When using 6 characters, there are only a few strings which have a Levenshtein distance of 6 between each other. There are a lot more when you only require a Levenshtein distance of 5. As an example, consider X3-EH-PT and 9X-EK-7C. Only the 'E' is in the same place, the other 5 characters need to be edited.

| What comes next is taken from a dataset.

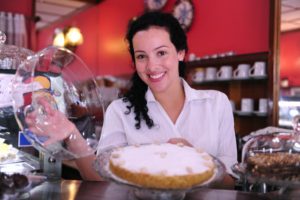 Woman in bakery: MaxFilings Small Business News Blog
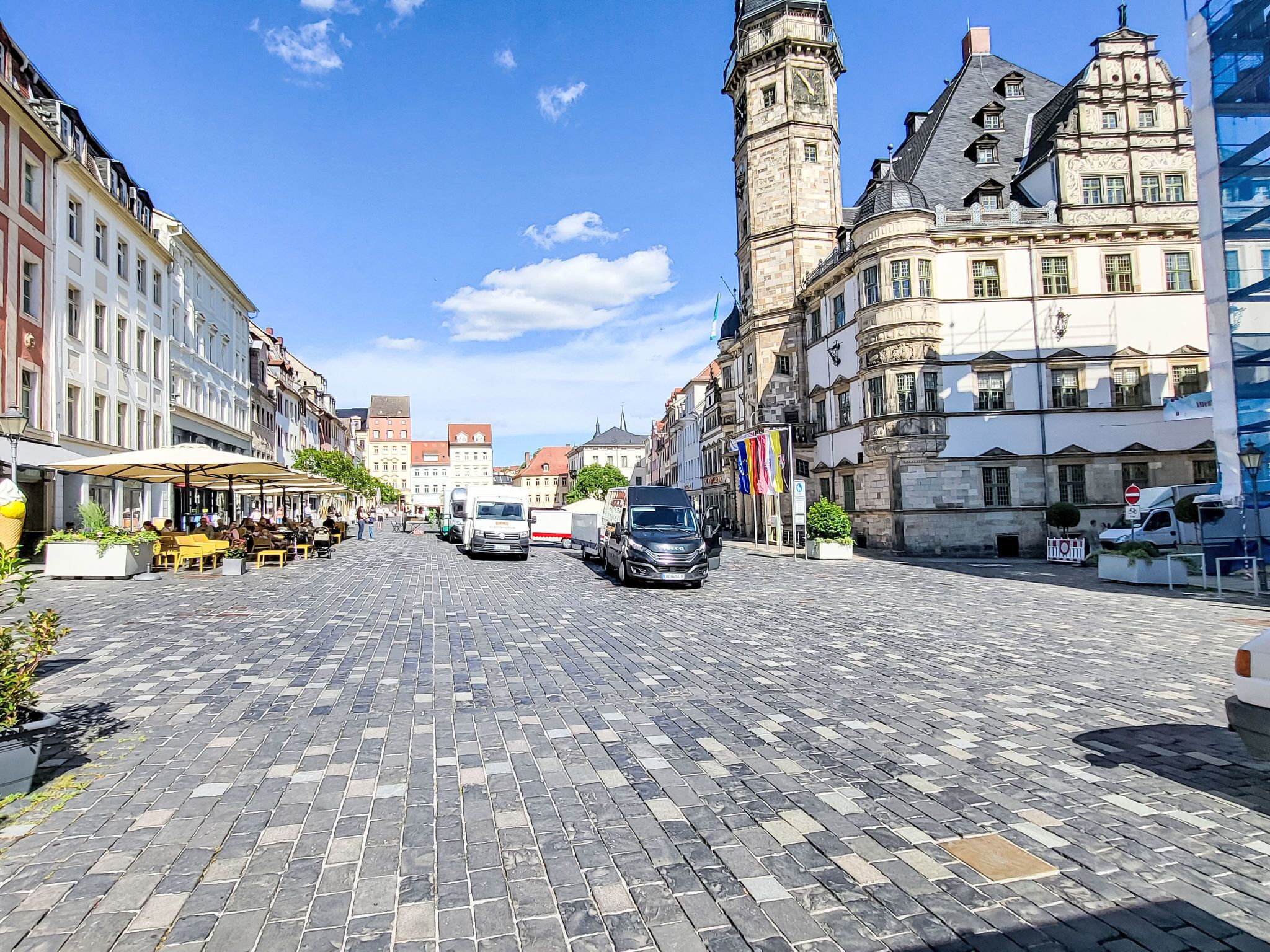 A cobblestone street lined with historic buildings, a clock tower, and a clear blue sky.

Generating IDs with a specific Levenshtein distance

A simple way to generate IDs with a specific Levenshtein distance is to use a hash function like SHA-1. Hash functions feature the avalanche effect, meaning that even small changes in the input should lead to big changes in the output. That sounds pretty good, since we want to have a lot of changes between ID 1 and ID 2. And indeed, with the following Perl code, you can easily generate enough IDs for our purpose:

use Digest::SHA qw(sha1_hex);
use Text::Levenshtein::Damerau qw(edistance);
use v5.10;

my @okay = qw(A C D E H K L P T W X Y 3 4 7 9);
my @existing;

# Generate a 6-character identifier by using the first 6 characters of the
# SHA1-hash of the argument. Since hash functions generate a very different
# output for slightly different inputs, this will quickly result in
# identifiers with a big-enough levenshtein-damerau-distance.
sub generate_num {
    join('', map { $okay[hex($_)] } split //, substr(sha1_hex($_[0]), 0, 6));
}

# Returns the minimum levenshtein-damerau-distance to between the given
# identifier and all existing identifiers.
sub min_distance {
    my ($cur) = @_;
    my $min = length($cur);
    for my $other (@existing) {
        my $dist = edistance($cur, $other);
        $min = $dist if $dist < $min;
    }
    return $min;
}

# Initial seed, should be unique to each club to avoid overlapping IDs.
my $src = 2342;

for (1 .. 20) {
    # Search until we have a distance of at least 5 to all other identifiers.
    $src++ while min_distance(generate_num($src)) < 5;
    my $identifier = generate_num($src);
    push @existing, $identifier;
    say "member ID $_: $identifier";
}

Matching IDs

Now, matching IDs is simple: You just calculate the Levenshtein distance of the input to all existing identifiers and then sort ascendingly. If the difference between the first and second result is big enough, we have a clear winner:

# Original: Y7XYPL
my $input = 'Y1XPL';

my ($first, $second) =
    sort { $a->[0] <=> $b->[0] }
    map  { [ edistance($input, $_), $_ ] }
    @existing;
if ($first->[0] == $second->[0]) {
    say "Input ambiguous, could be " . $first->[1] . " or " . $second->[1];
    exit;
}
say "Corrected $input to " . $first->[1];

In comparison to Reed-Solomon, we can fix any two errors guaranteed (typos and erasures) using this technique, and the chance that we will fix even more is high.